Problem description -> Each line in the material below, starting at the one that contains "SEATTLE, WA - JANUARY" and ending at the one that contains "White soaking tub", should be repeated exactly; the pictures should not.

Records for this exercise ->
========================

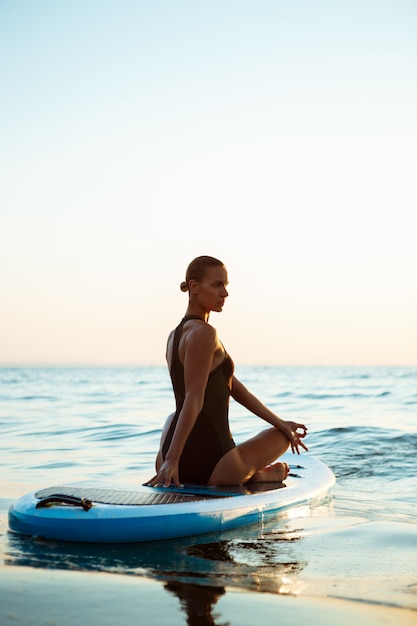 Silhueta de mulher bonita praticando ioga na prancha de surf ao nascer do sol.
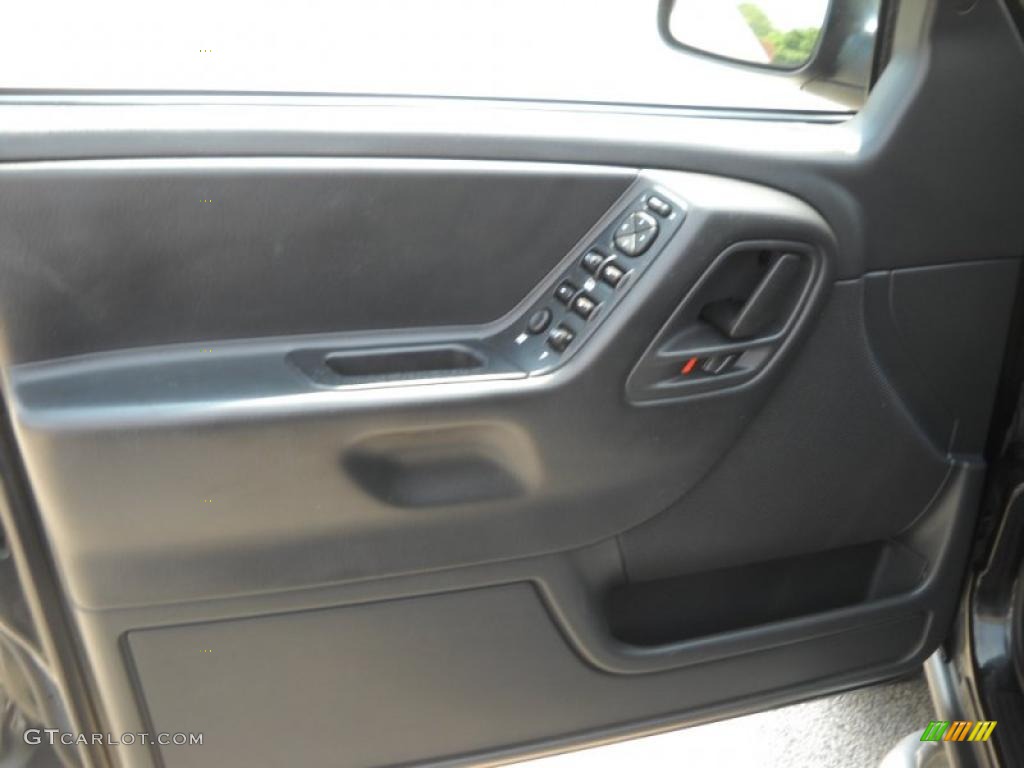 2004 Jeep Grand Cherokee Freedom Edition 4x4 Dark Slate Gray Door Panel Photo #30591496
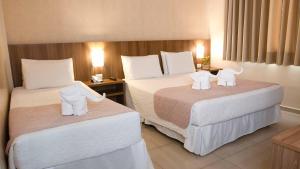 Postel nebo postele na pokoji v ubytování Pietro Angelo Hotel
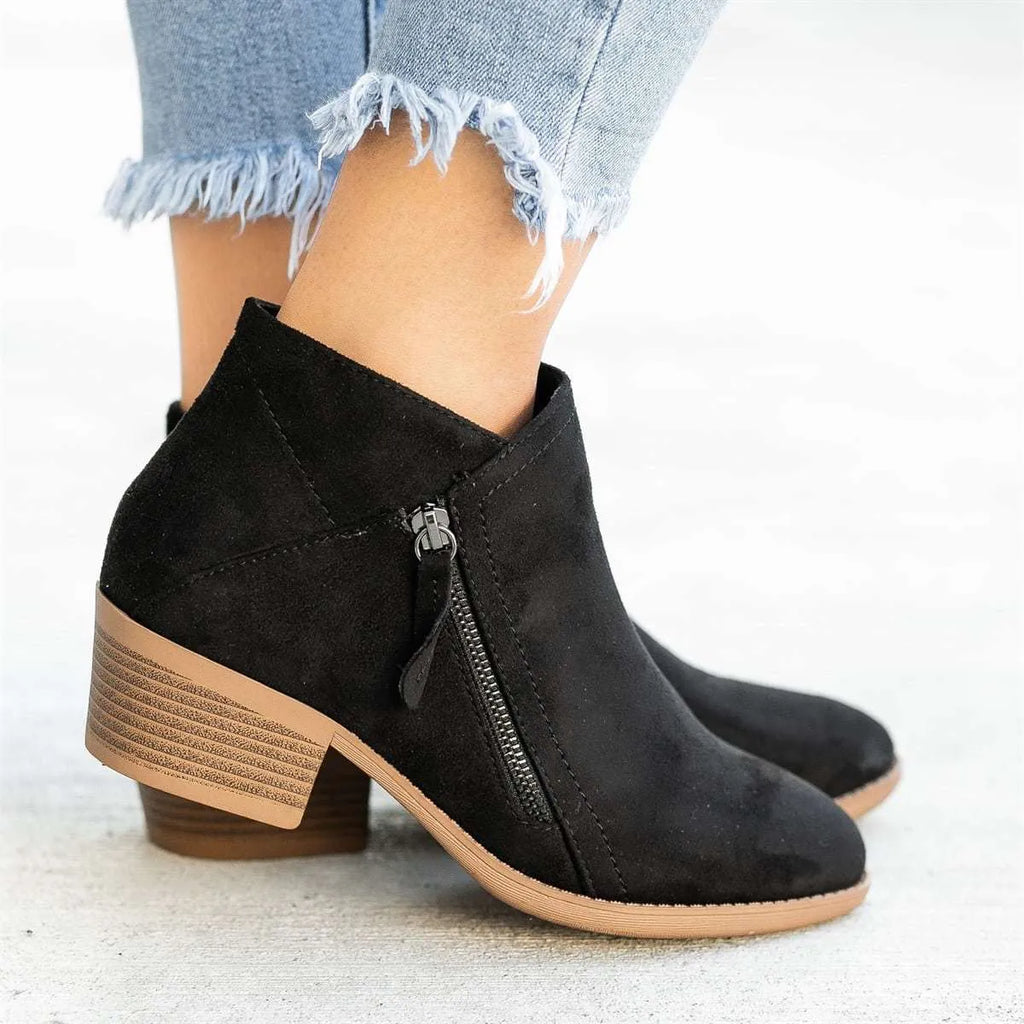 Women's suede chunky heel ankle boots with side zip in blue, shown from the side.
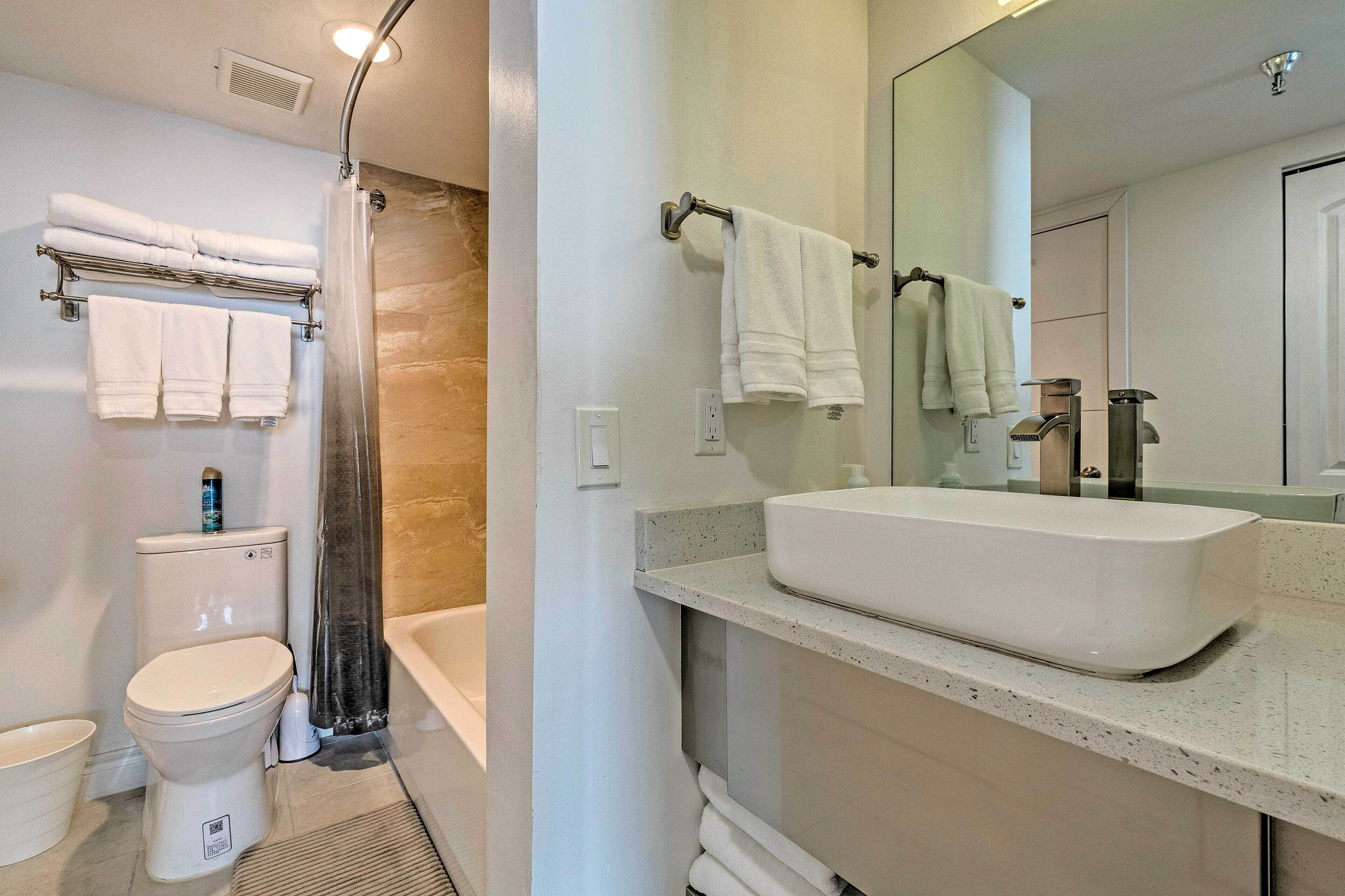 A modern bathroom with a toilet, shower, and sink.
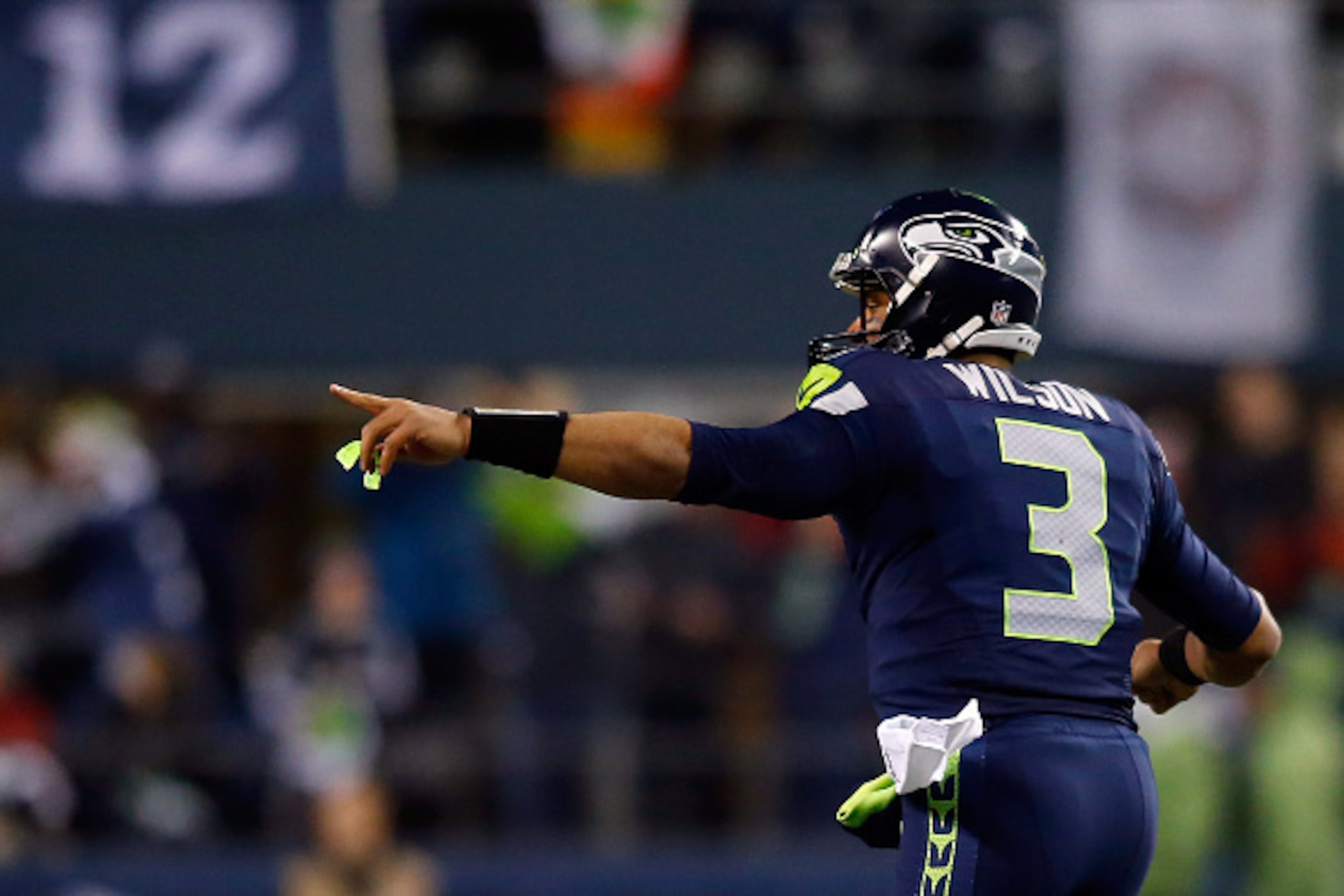SEATTLE, WA - JANUARY 10:  Russell Wilson #3 celebrates Jermaine Kearse #15 of the Seattle Seahawks 63 yard touchdown in the second quarter against the Carolina Panthers during the 2015 NFC Divisional Playoff game at CenturyLink Field on January 10, 2015 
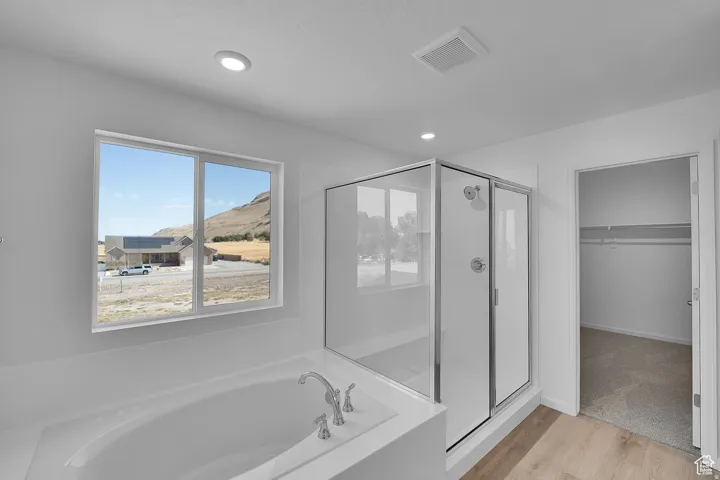 White soaking tub with deck-mounted chrome fixtures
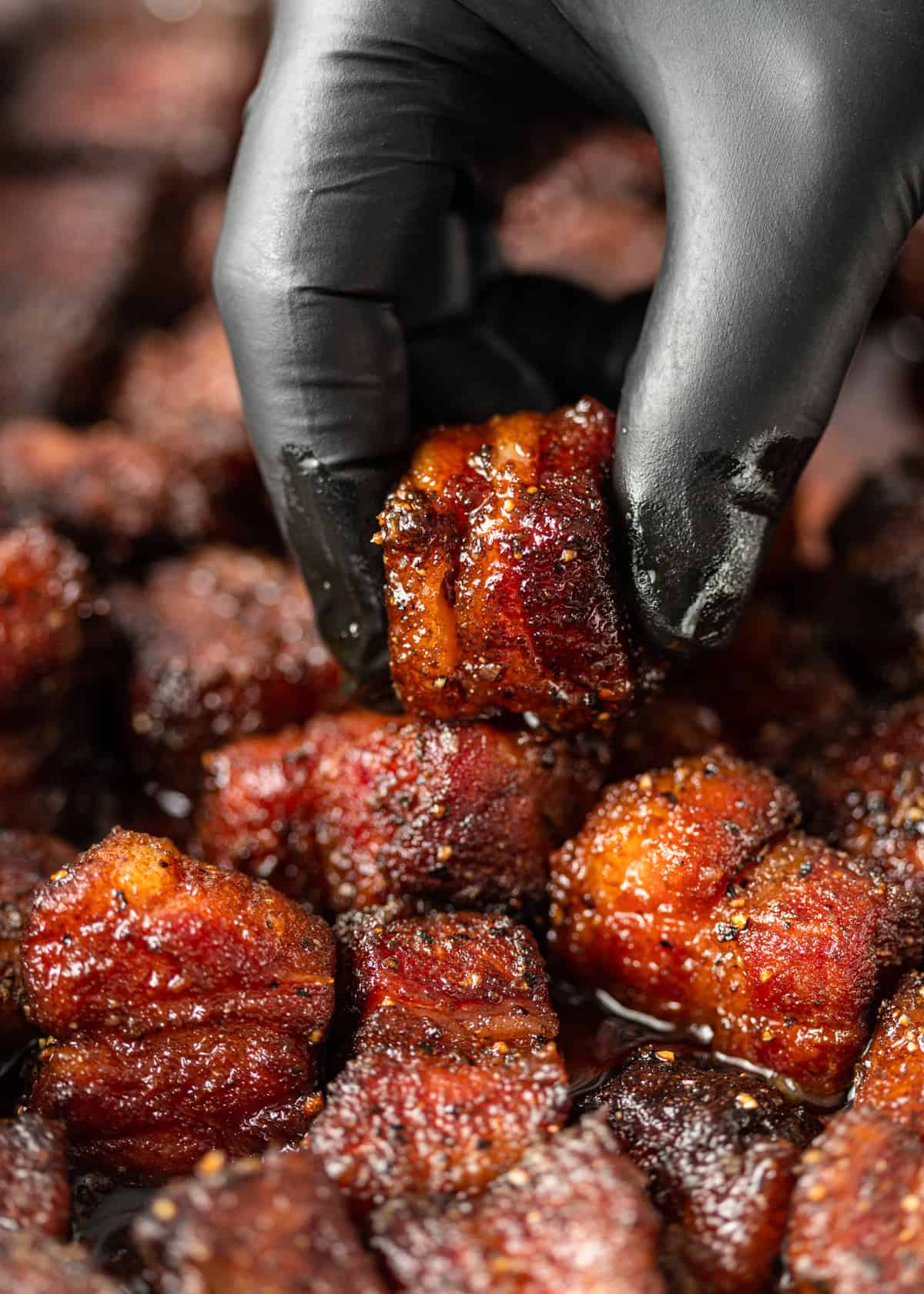 holding Pork Belly Burnt Ends in gloved hand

========================

Response to this exercise ->
SEATTLE, WA - JANUARY 10:  Russell Wilson #3 celebrates Jermaine Kearse #15 of the Seattle Seahawks 63 yard touchdown in the second quarter against the Carolina Panthers during the 2015 NFC Divisional Playoff game at CenturyLink Field on January 10, 2015 
 White soaking tub with deck-mounted chrome fixtures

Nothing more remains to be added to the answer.